Summit County’s highest peak gets mountain face-lift
A trails project on Quandary Peak will have volunteers rising early to scale the mountainside, performing “old-world” trail techniques above the treeline on one of Colorado’s most popular hiking destinations.
“One of the big attractions of this project is it gives people not only from Summit County but all over Colorado the chance to work on these iconic peaks,” said Coby Gierke, field programs manager for the Colorado Fourteeners Initiative.
The shear numbers of hikers who scale the peak makes it more vulnerable to damage.
“It’s one of the busiest Fourteener trails in the state and a lot of the damage that occurs there is related to the traffic,” Gierke said.

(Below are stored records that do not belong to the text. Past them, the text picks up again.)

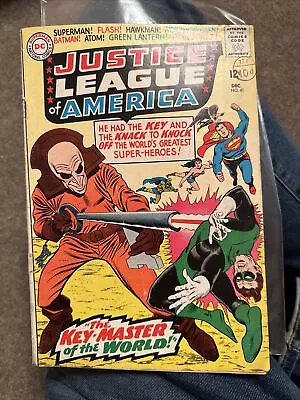 Buy Justice League Of America # 41 Very Nice Condition For Year • 20£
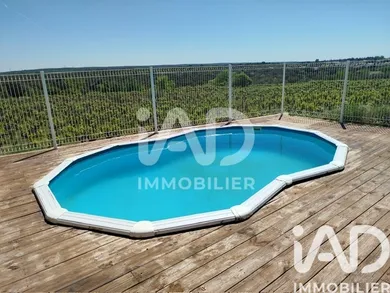 Maison à Pouzilhac (30210)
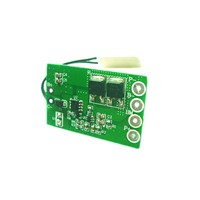 Battery Protection Circuit Board for 7.4V Power Tool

The Colorado Fourteeners Initiative works to protect and preserve the natural integrity of Colorado’s 14,000 foot peaks through active stewardship and public education. They are teaming up with the Friends of the Dillon Ranger District to make a mark on Quandary Peak on Saturday, July 20.
Trail project organizers said volunteers will help protect native plants found at Quandary — a unique High Alpine ecosystem sensitive to disturbances.
The trails at the peak formed by hikers, coined “social trails,” hurt the environment.
“They weren’t designed with sustainability in mind, they were created by people trying to get from point A to point B,” said Teddy Wilkinson, Friends of the Dillon Ranger District project coordinator.
The nonprofits have been working to reroute trails at Quandary Peak to more rocky areas with less native plants.
“We can direct the user impact to places that are more durable and harder to damage over time,” Gierke said.
The Fourteeners project manager said the organization designs their projects to be accessible to anyone.
“We try to provide a variety of work options for folks on these projects,” he said.
Tasks will vary from heavy-duty work for people who want to be exhausted at the end of the day, to helping collect seeds and transplant native plants along the trail.
“We can find work for every one,” Gierke said.
Wilkinson took part in the Quandary event as a volunteer last year. He describes the project as one of the more “physically intense” projects the Friends group embarks on throughout the season. But, he said, anyone who can hike up the trail should be fit to contribute to the project.
Volunteers will use traditional dry stone masonry techniques to build staircases, retaining walls and other structures to help maintain the integrity of the main ascent trail.
The “old-world” type of construction uses similar techniques to those found in Roman and Old English architecture. Volunteers will use the same principles that keep ancient structures standing today, Gierke said.
No mortar, concrete or adhesive is used to bind stones together. Instead, volunteers will use weight of the stones to pin them together.
“The construction techniques we use are built to a standard where they will last 50 to 100 years,” Gierke said.
The atmosphere at the project is described as serious but fun.
“We set a culture that we are serious about what we are doing and we want to make a difference,” Gierke said.
Project organizers said they want volunteers to have a good time while being aware of the inherent risks of trail work in high elevations. Some areas will be unstable and steep, and volunteers will be transporting heavy, bulky materials, Gierke said.
“These people are here because they have passion to improve and preserve these special places,” he said. “We want them to be careful and safe up there.”
It’s important for people to get involved to protect the unique high-alpine environment on Quandary Peak, FDRD’s Wilkinson said.
“We want to instill a feeling of stewardship for public lands for all of our volunteers,” he said.
The nonprofit representatives said at the end of the day volunteers should feel empowered they made a lasting impact on the sustainability of one of Colorado’s most popular hiking destinations.
“We all love these trails and really value having assets like the Fourteeners trails in our community — but these trails don’t build these themselves,” Gierke said.
“I want volunteers to feel like they’ve made a lasting contribution,” he said. “The work they do is going to be there for a long time and make the trails better.”